● **Input records**
-------------------------
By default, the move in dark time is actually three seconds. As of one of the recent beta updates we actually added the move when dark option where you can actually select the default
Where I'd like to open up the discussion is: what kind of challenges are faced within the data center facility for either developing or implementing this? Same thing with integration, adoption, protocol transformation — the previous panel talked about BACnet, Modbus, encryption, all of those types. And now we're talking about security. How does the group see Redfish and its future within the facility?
-------------------------
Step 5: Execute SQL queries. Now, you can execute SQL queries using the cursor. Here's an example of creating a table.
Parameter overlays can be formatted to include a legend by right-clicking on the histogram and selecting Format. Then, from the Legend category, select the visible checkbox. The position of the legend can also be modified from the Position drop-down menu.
-------------------------
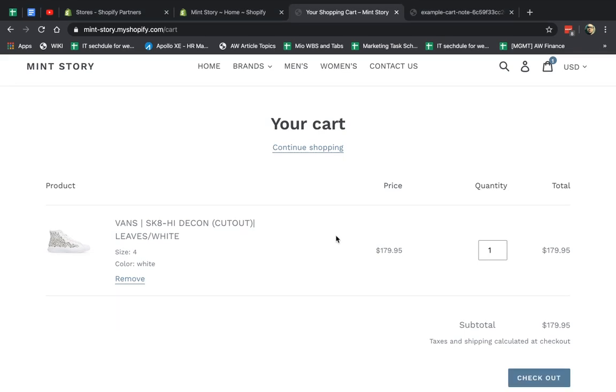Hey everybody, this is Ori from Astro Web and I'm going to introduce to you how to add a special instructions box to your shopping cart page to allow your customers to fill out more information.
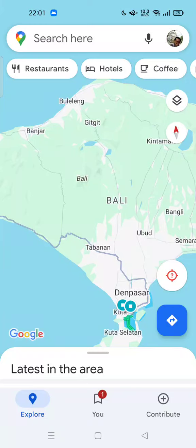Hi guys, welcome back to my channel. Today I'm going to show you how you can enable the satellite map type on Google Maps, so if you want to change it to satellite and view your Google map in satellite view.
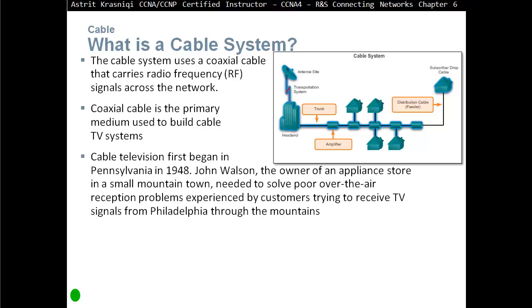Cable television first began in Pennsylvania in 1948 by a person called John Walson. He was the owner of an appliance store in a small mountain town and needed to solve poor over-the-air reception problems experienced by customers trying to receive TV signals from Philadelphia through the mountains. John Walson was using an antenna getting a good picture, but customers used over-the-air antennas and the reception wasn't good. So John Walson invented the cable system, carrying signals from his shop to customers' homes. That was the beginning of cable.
-------------------------
● **What to produce**
For this task, write out exactly the lines of the entries above, starting at the line with "By default, the" and ending at the line with "Where I'd like", both included, and no others.

● **Response below**
By default, the move in dark time is actually three seconds. As of one of the recent beta updates we actually added the move when dark option where you can actually select the default
Where I'd like to open up the discussion is: what kind of challenges are faced within the data center facility for either developing or implementing this? Same thing with integration, adoption, protocol transformation — the previous panel talked about BACnet, Modbus, encryption, all of those types. And now we're talking about security. How does the group see Redfish and its future within the facility?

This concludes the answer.